By 1821 the firm had naval contracts to supply 9000 pounds in weight of beef, mutton, carrots, parsnips and soup. Soon, canned food was being taken on Arctic explorations, such as the one led by Sir William Parry in 1824 while searching for the North-West Passage. Suddenly, foodstuffs could be preserved, not for months but years.


                                    Detail from Sir Joshua Reynold’s portrait of Sir Joseph Banks. Image: National Portrait Gallery. 

On behalf of the Royal Society Sir Joseph Banks opened a can two and a half years after it had been sealed and declared it to be in a perfect state of preservation. Later, Banks was to remark that canning one of the most important discoveries of the age.

The domestic scene would have to wait another forty years before canning reached the kitchen – not least because no-one had invented the can opener! For the first five decades each can had to be opened with a hammer and chisel or, in the case of cans used by the army, with the point of a bayonet.
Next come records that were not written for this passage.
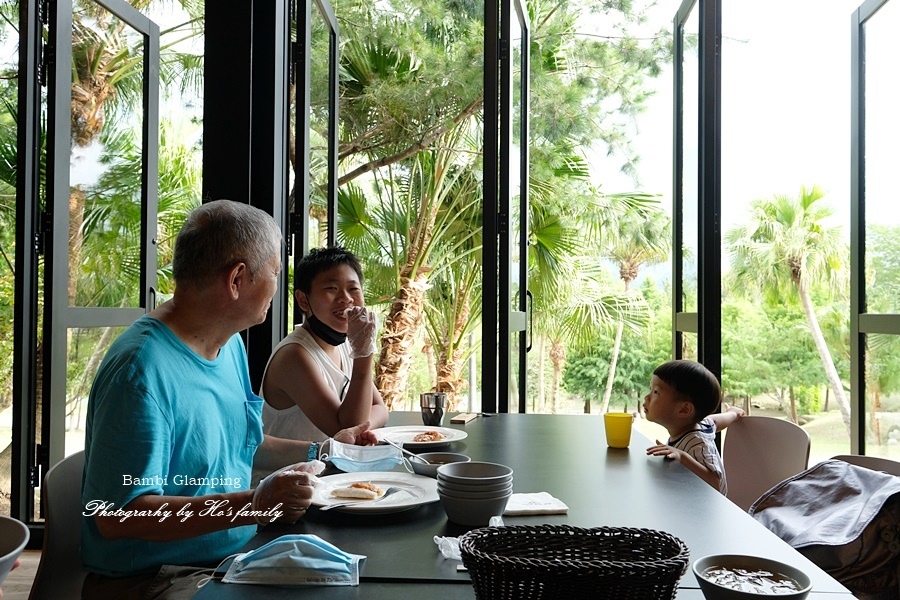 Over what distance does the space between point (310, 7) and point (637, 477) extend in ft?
7.77

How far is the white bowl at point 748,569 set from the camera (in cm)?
75

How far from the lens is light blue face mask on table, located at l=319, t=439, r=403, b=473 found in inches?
60.4

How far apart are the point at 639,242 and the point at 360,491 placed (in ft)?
24.3

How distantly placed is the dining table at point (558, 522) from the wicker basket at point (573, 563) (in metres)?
0.13

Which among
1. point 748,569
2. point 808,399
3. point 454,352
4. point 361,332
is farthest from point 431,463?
point 808,399

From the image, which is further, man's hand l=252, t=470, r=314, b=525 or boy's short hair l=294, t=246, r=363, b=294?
boy's short hair l=294, t=246, r=363, b=294

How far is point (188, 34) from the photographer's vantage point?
17.7 ft

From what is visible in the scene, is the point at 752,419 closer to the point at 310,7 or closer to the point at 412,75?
the point at 310,7

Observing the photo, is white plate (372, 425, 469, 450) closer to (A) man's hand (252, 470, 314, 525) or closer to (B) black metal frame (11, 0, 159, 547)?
(A) man's hand (252, 470, 314, 525)

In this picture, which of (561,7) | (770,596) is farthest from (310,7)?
(561,7)

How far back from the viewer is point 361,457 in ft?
5.14

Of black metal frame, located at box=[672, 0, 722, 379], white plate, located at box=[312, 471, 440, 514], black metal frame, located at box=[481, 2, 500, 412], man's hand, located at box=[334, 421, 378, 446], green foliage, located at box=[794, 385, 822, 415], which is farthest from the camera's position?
green foliage, located at box=[794, 385, 822, 415]

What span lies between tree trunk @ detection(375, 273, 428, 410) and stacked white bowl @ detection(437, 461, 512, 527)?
17.6 feet

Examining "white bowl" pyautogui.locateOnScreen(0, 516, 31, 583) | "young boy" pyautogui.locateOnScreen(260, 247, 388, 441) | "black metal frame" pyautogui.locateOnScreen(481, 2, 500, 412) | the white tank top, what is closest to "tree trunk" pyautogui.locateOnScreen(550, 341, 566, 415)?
"black metal frame" pyautogui.locateOnScreen(481, 2, 500, 412) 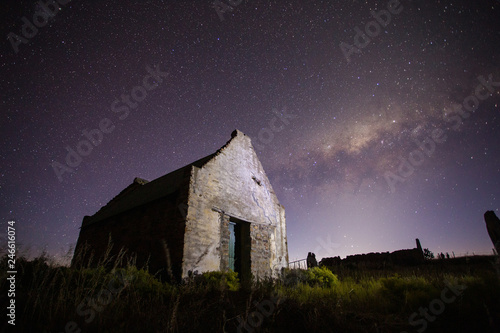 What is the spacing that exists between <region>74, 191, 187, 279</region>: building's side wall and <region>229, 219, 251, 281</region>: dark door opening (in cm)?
250

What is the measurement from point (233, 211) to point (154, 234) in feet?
9.65

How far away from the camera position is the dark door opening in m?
8.55

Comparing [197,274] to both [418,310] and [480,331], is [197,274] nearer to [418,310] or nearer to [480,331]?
[418,310]

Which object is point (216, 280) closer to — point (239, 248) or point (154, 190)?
point (239, 248)

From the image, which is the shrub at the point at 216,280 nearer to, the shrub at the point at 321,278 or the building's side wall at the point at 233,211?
the building's side wall at the point at 233,211

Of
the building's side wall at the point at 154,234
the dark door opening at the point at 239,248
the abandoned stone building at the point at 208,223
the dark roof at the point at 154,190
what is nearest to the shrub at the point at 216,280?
the abandoned stone building at the point at 208,223

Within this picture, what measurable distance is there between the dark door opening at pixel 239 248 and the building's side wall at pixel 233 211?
223mm

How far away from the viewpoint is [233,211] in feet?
28.8

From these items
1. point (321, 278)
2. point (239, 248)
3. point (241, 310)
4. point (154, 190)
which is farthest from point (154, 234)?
point (321, 278)

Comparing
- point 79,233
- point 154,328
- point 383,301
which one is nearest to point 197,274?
point 154,328

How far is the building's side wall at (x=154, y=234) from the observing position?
6.73 meters

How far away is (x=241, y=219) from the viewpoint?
9016 mm

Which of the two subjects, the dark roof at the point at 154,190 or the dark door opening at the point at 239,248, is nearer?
the dark roof at the point at 154,190

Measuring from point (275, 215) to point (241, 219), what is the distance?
2.72m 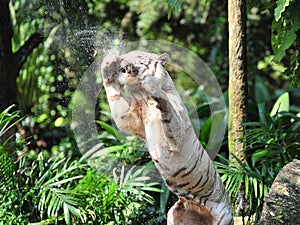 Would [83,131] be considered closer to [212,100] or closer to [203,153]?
[203,153]

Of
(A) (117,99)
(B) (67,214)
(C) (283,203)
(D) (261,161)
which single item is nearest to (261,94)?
(D) (261,161)

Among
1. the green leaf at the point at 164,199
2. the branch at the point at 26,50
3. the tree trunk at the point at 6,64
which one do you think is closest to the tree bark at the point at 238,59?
the green leaf at the point at 164,199

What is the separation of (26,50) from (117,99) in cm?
298

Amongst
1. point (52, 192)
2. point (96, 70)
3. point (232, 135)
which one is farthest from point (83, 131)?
point (232, 135)

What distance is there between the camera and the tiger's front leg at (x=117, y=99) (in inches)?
89.1

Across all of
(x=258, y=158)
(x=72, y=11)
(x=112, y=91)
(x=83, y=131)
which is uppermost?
(x=72, y=11)

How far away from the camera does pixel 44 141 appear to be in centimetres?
587

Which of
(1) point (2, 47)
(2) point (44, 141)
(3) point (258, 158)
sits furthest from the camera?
(2) point (44, 141)

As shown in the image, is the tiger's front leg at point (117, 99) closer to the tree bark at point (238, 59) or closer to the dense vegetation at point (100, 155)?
the dense vegetation at point (100, 155)

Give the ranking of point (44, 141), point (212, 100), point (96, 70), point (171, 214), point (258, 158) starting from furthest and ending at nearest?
1. point (44, 141)
2. point (212, 100)
3. point (258, 158)
4. point (96, 70)
5. point (171, 214)

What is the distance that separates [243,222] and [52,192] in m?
1.23

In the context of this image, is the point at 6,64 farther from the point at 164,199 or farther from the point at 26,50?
the point at 164,199

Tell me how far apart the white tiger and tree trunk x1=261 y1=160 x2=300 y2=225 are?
0.52m

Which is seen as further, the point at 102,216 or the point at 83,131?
the point at 102,216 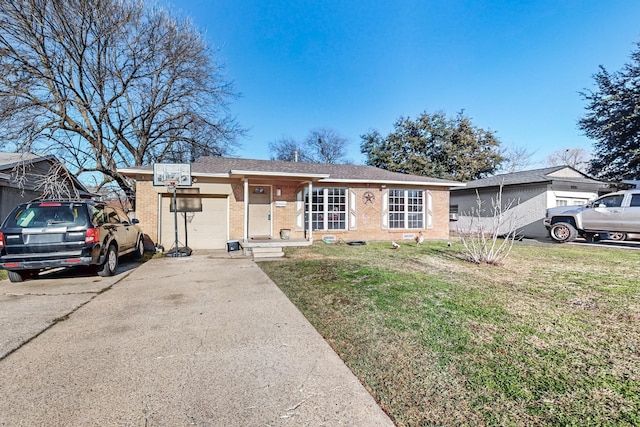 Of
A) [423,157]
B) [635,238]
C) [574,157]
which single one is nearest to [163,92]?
[423,157]

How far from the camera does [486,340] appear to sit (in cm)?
296

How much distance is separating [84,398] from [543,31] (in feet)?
46.3

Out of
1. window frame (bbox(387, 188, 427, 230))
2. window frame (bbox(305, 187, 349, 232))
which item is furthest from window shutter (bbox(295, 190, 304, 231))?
window frame (bbox(387, 188, 427, 230))

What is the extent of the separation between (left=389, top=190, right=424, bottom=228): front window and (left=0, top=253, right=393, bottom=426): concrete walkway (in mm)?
9831

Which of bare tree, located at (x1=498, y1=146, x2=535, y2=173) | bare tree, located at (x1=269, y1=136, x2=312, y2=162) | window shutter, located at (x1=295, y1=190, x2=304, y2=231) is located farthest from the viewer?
bare tree, located at (x1=269, y1=136, x2=312, y2=162)

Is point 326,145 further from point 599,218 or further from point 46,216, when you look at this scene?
point 46,216

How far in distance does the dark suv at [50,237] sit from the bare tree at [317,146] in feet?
107

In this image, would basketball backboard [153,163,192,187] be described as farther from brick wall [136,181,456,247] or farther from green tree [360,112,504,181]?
green tree [360,112,504,181]

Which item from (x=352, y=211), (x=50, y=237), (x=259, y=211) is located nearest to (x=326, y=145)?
(x=352, y=211)

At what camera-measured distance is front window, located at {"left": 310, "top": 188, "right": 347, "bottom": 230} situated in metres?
12.2

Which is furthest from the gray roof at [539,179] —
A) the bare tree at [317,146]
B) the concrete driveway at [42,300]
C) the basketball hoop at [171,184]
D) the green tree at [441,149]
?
the bare tree at [317,146]

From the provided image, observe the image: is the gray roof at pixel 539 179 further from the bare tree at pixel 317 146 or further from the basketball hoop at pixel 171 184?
the bare tree at pixel 317 146

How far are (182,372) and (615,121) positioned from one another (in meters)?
26.2

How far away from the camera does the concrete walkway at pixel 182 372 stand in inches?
76.5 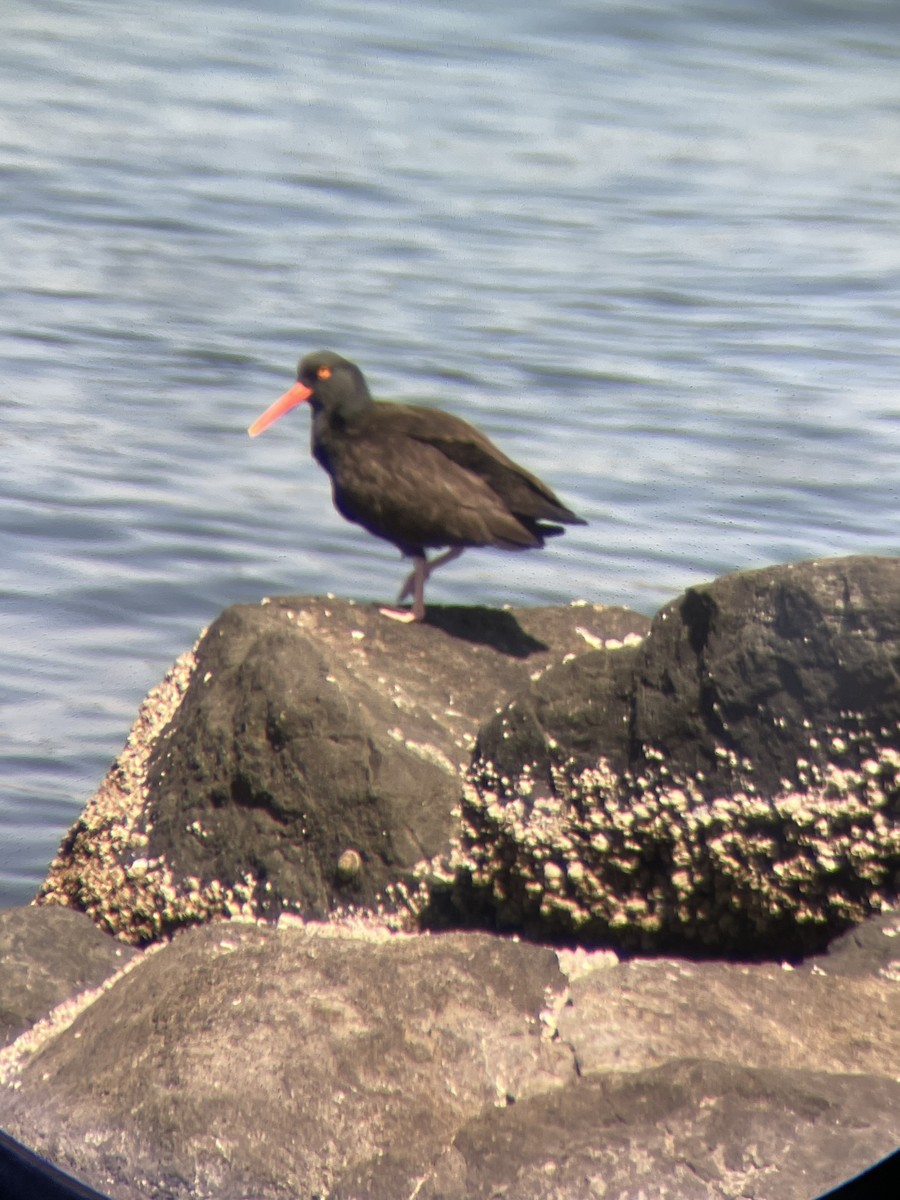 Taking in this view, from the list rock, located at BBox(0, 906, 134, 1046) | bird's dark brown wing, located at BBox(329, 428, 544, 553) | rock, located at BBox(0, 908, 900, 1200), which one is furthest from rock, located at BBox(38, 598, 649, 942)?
bird's dark brown wing, located at BBox(329, 428, 544, 553)

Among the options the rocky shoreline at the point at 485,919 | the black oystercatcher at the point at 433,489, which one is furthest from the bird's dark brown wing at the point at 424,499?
the rocky shoreline at the point at 485,919

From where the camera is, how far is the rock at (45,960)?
370cm

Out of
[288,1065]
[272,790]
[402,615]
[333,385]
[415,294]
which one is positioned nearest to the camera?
[288,1065]

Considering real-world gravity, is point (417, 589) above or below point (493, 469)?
below

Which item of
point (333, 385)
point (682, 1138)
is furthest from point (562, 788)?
point (333, 385)

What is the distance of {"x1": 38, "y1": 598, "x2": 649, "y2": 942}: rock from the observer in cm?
415

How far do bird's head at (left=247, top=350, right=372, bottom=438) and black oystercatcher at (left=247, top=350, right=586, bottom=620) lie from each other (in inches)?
6.4

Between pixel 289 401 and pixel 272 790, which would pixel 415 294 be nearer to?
pixel 289 401

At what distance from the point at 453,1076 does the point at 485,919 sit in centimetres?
87

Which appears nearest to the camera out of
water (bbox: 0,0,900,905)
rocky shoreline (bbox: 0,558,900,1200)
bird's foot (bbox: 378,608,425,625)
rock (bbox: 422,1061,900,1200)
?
rock (bbox: 422,1061,900,1200)

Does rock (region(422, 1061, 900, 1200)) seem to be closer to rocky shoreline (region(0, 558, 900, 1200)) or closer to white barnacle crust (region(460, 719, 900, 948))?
rocky shoreline (region(0, 558, 900, 1200))

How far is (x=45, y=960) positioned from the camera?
3.85 metres

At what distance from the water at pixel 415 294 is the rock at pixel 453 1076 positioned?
2225 millimetres

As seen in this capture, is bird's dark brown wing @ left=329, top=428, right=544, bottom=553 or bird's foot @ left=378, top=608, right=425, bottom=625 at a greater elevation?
bird's dark brown wing @ left=329, top=428, right=544, bottom=553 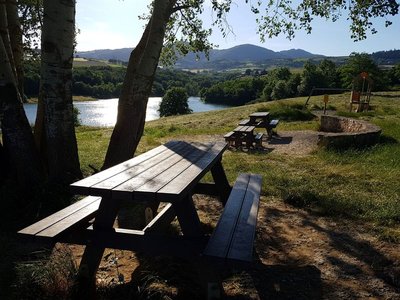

It was not until 1855, when Englishman Robert Yates came up with a simple hand-held implement with a piercing blade and saw, that cooks could ‘have a stab’ at opening the tins, which by then were made of steel rather than wrought iron. In 1870 William Lyman developed the rotary cutter design with a wheel, making it safer and easier to open the cans.

The story continues with two entrepreneurs called Edmund Crosse and Thomas Blackwell. Both had been apprenticed in 1819 to the firm of West & Wyatt, operating out of premises at 11 King Street, Soho, and which specialised in handling seal and whale oils as well as dealing in pickles, sauces, condiments and salted fish. Crosse and Blackwell went into partnership, bought out West & Wyatt for £600 and moved the business upmarket by diversifying into packaged groceries. They received a Royal warrant (for ‘oilery in ordinary’) from Queen Victoria just after she came to the throne in 1837 and two years later they relocated the business to 21 Soho Square. Before long they had expanded into the canning industry and in 1864 took over the business established by Donkin & Hall fifty years earlier. The company expanded its London factory to include premises in Charing Cross Road and it wasn’t until 1921 that the link with London ended when all manufacturing moved to Branston in Staffordshire where, of course, Branston Pickle had been developed some considerable time earlier.


                                                                                  An early newspaper advertisement promoting food canning.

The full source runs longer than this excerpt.